§ **WHAT TO DO**
Find the line containing "ar Swarovski™ kristāliem". Retype it and every later line of the records exactly, leaving out pictures.

§ **INPUT FOR THIS TASK**

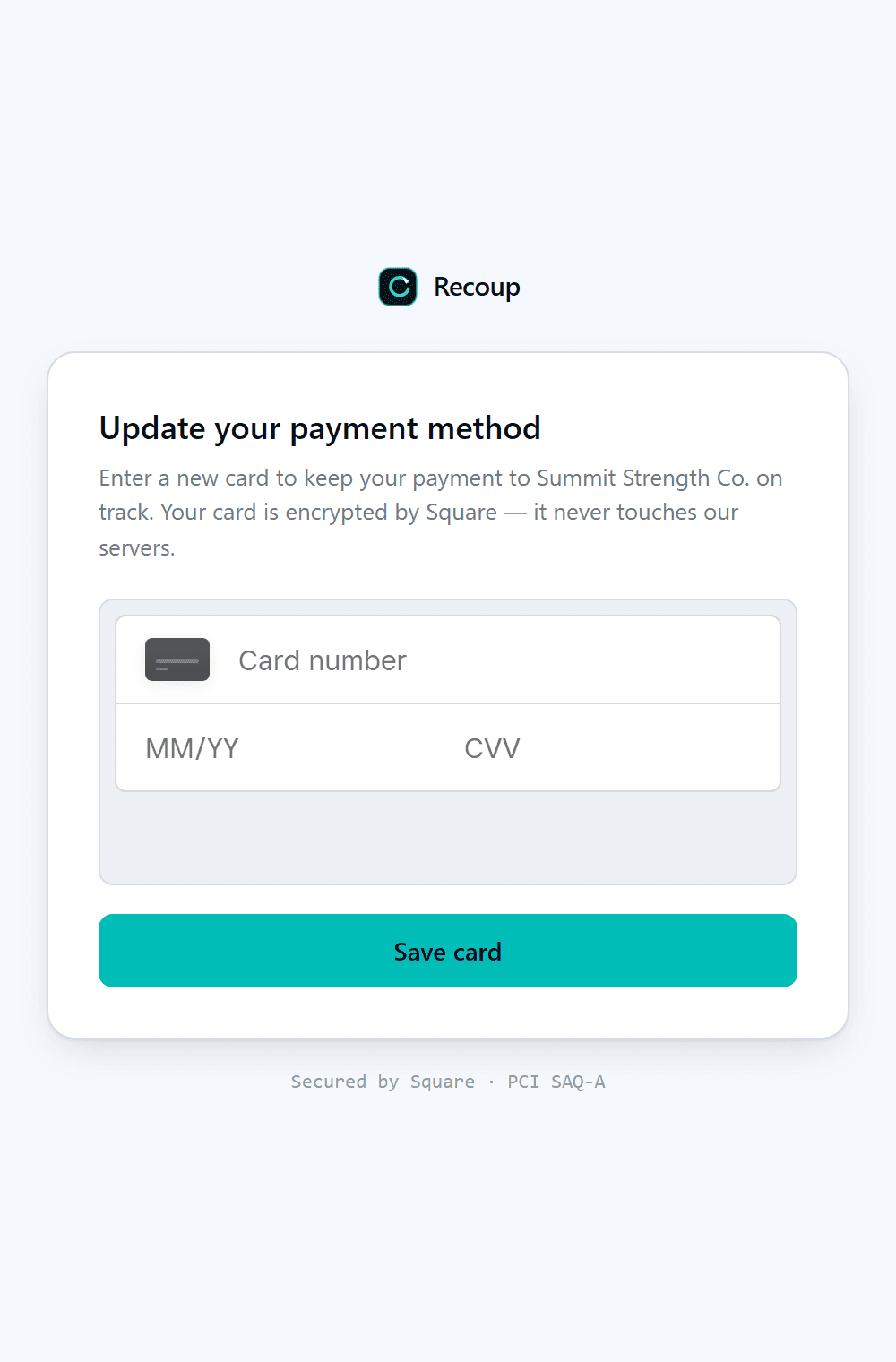 The hosted customer card-update page, branded for the seller, with Square’s secure card form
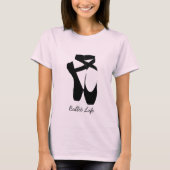 Zwarte balletpuntenschoenen t-shirt (Voorkant)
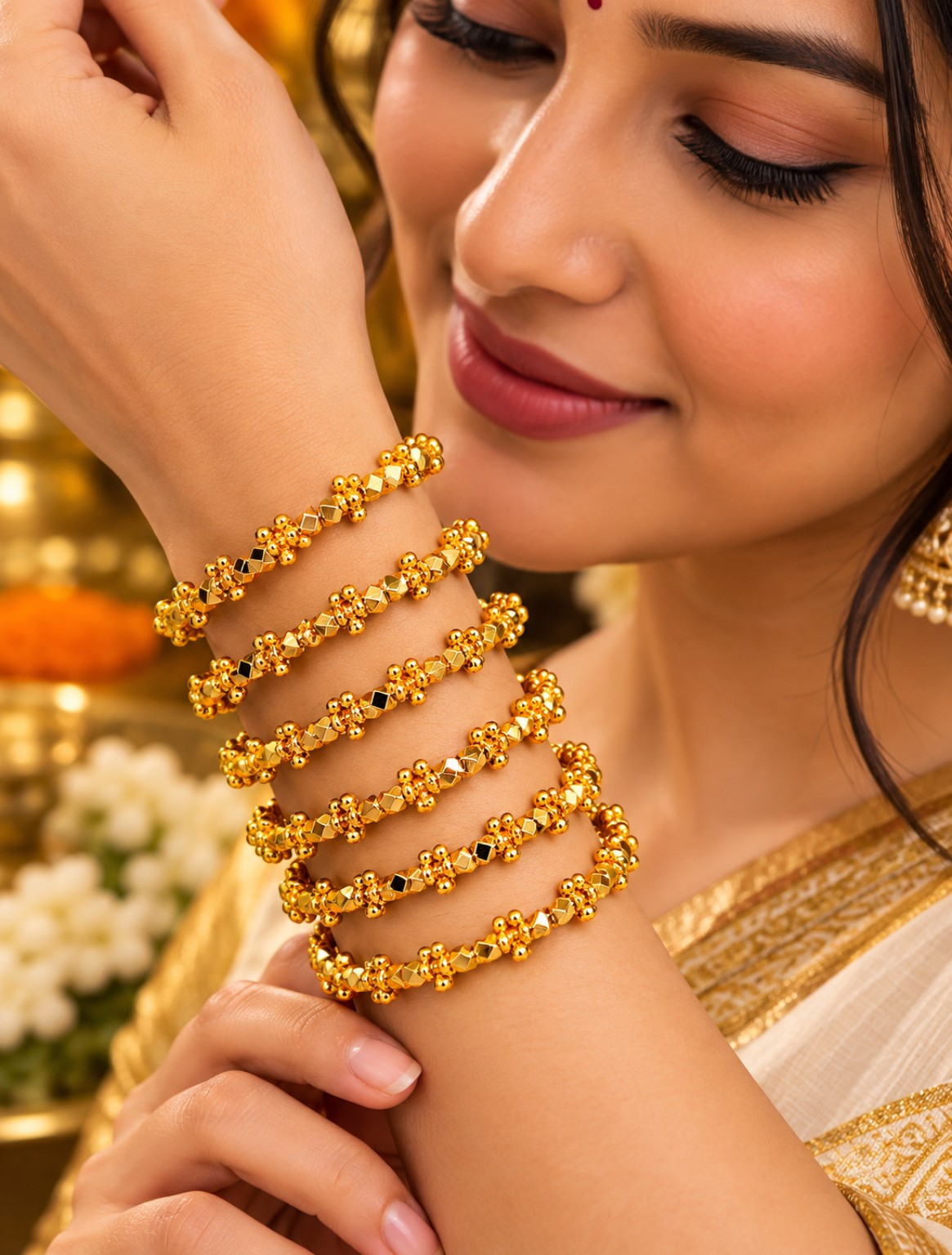Ashtapauli Bangles | Traditional Gold Finish Handmade Bangles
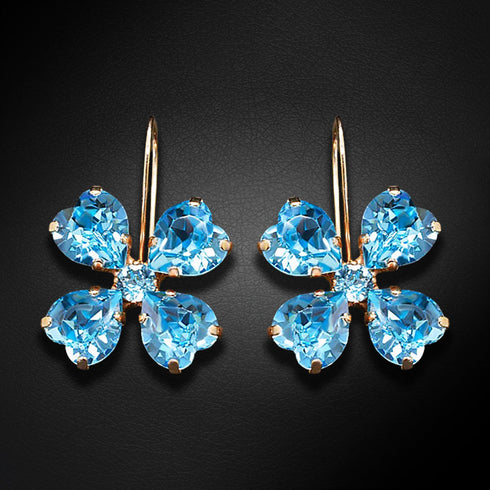 Auskari "Kristāla Āboliņš (Aquamarine Blue)" ar Swarovski™ kristāliem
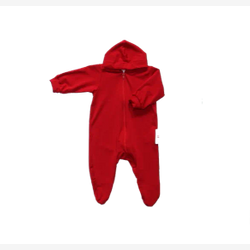 Pyjama 1 pièce avec capuchon bambou rouge (05)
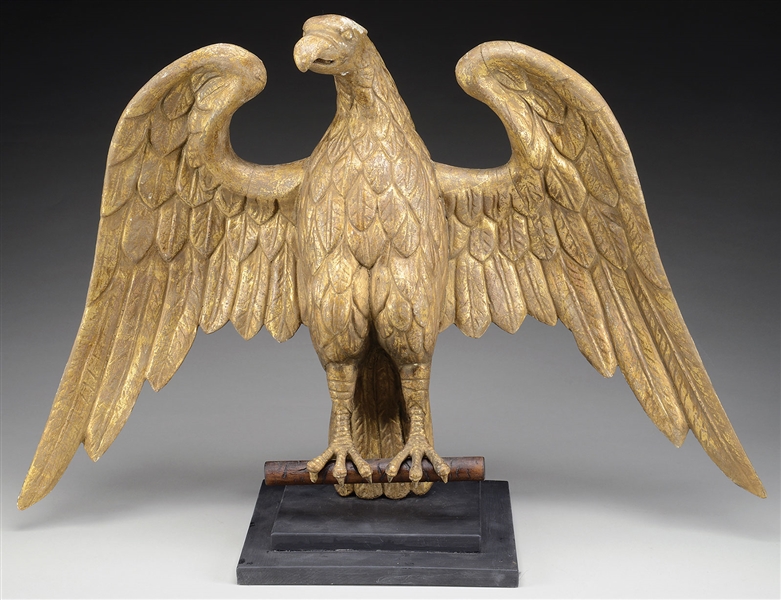 LARGE CARVED GILTWOOD DISPLAYED EAGLE ON PERCH.                                                                                                                                                         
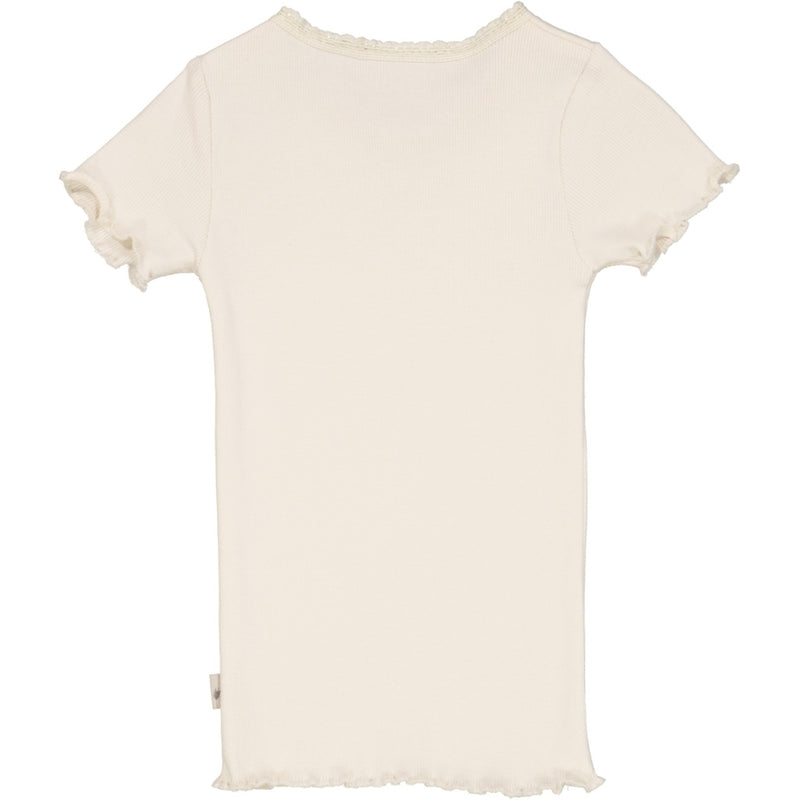 Wheat Kortærmet Blonde Rib T-Shirt Jersey Tops and T-Shirts 3129 eggshell 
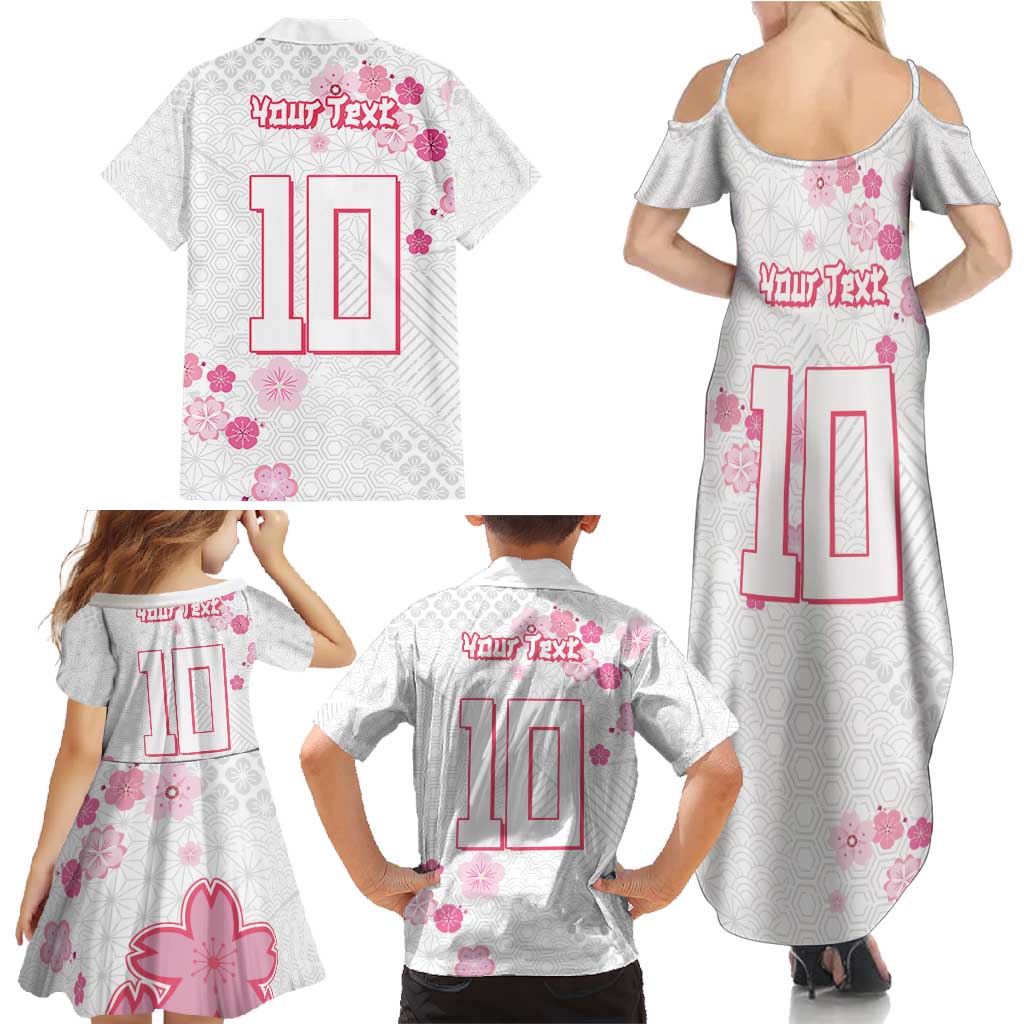 Custom Rugby Japan Family Matching Summer Maxi Dress and Hawaiian Shirt The Champion Brave Blossoms White Color - Wonder Print Shop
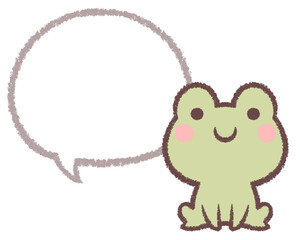 カエルと線画フキダシ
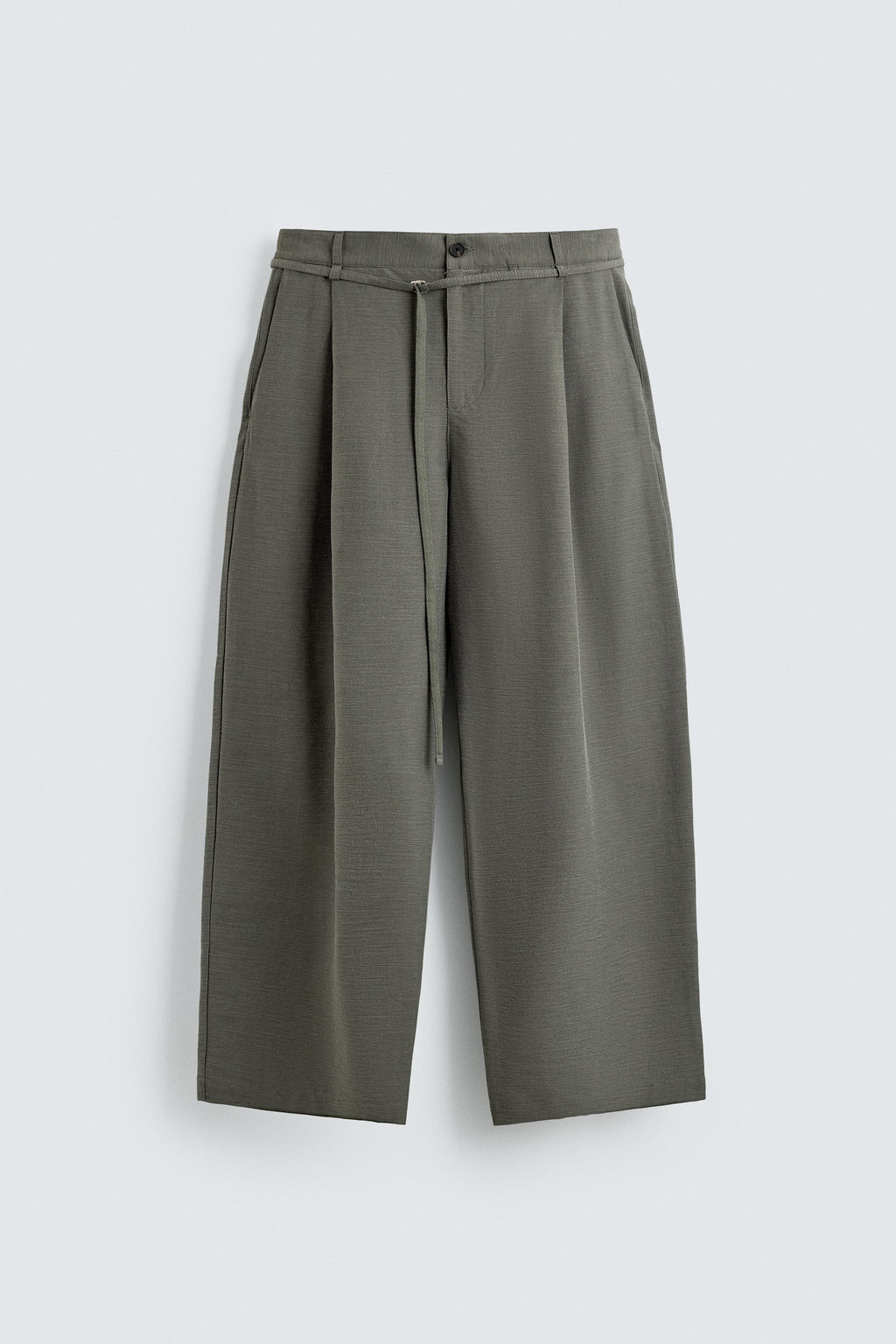 PANTAL?N BALLOON FIT PLIEGUES CINTUR?N / Verde gris - Zara фото 6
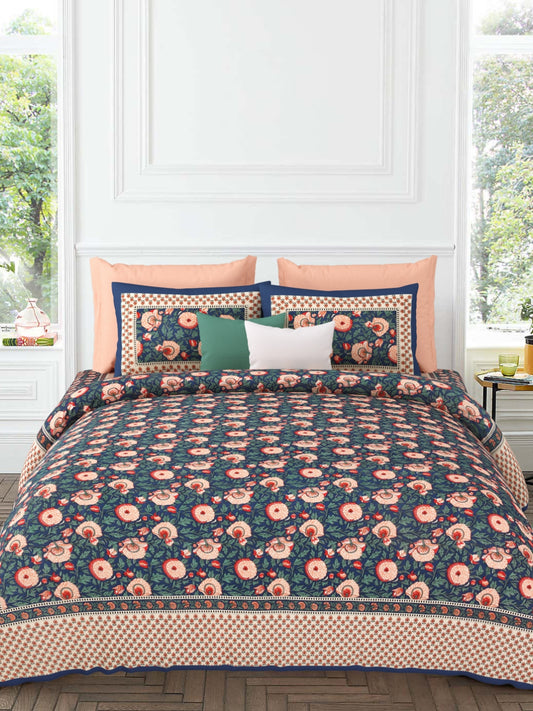 LIVING ROOTS Pure Cotton 1 Super King Size Bedsheet 104*104 inches (8.6*8.6 feet ) With 2 Pillow Cover | Rich Fast Colour With No Colour Bleeding | Soft & Skin Friendly (535-B)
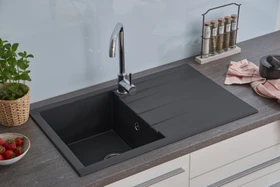 Respekta Houston 800x500mm Einbau Becken reversibel schwarz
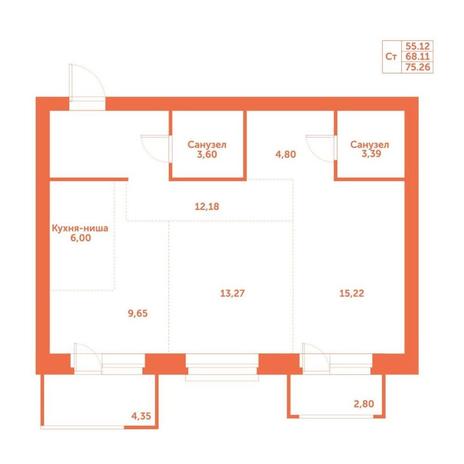 Вариант №15236, 2-комнатная квартира в жилом комплексе Gorizont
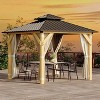 10x10 Ft Hardtop Gazebo with Netting and Curtains, Wood Gazebo Heavy Duty Double Roof for Patio, Backyard - 2 of 4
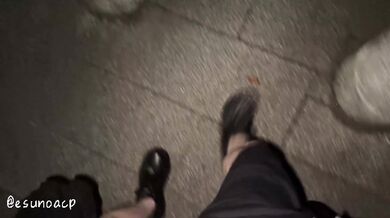 Japanese girl gives blowjob on public park bench at 3am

§ **ANSWER TO THE PROBLEM**
 Auskari "Kristāla Āboliņš (Aquamarine Blue)" ar Swarovski™ kristāliem
 Pyjama 1 pièce avec capuchon bambou rouge (05)
 LARGE CARVED GILTWOOD DISPLAYED EAGLE ON PERCH.                                                                                                                                                         
 Wheat Kortærmet Blonde Rib T-Shirt Jersey Tops and T-Shirts 3129 eggshell 
 Custom Rugby Japan Family Matching Summer Maxi Dress and Hawaiian Shirt The Champion Brave Blossoms White Color - Wonder Print Shop
 カエルと線画フキダシ
 PANTAL?N BALLOON FIT PLIEGUES CINTUR?N / Verde gris - Zara фото 6
 LIVING ROOTS Pure Cotton 1 Super King Size Bedsheet 104*104 inches (8.6*8.6 feet ) With 2 Pillow Cover | Rich Fast Colour With No Colour Bleeding | Soft & Skin Friendly (535-B)
 Respekta Houston 800x500mm Einbau Becken reversibel schwarz
 Вариант №15236, 2-комнатная квартира в жилом комплексе Gorizont
 10x10 Ft Hardtop Gazebo with Netting and Curtains, Wood Gazebo Heavy Duty Double Roof for Patio, Backyard - 2 of 4
 Japanese girl gives blowjob on public park bench at 3am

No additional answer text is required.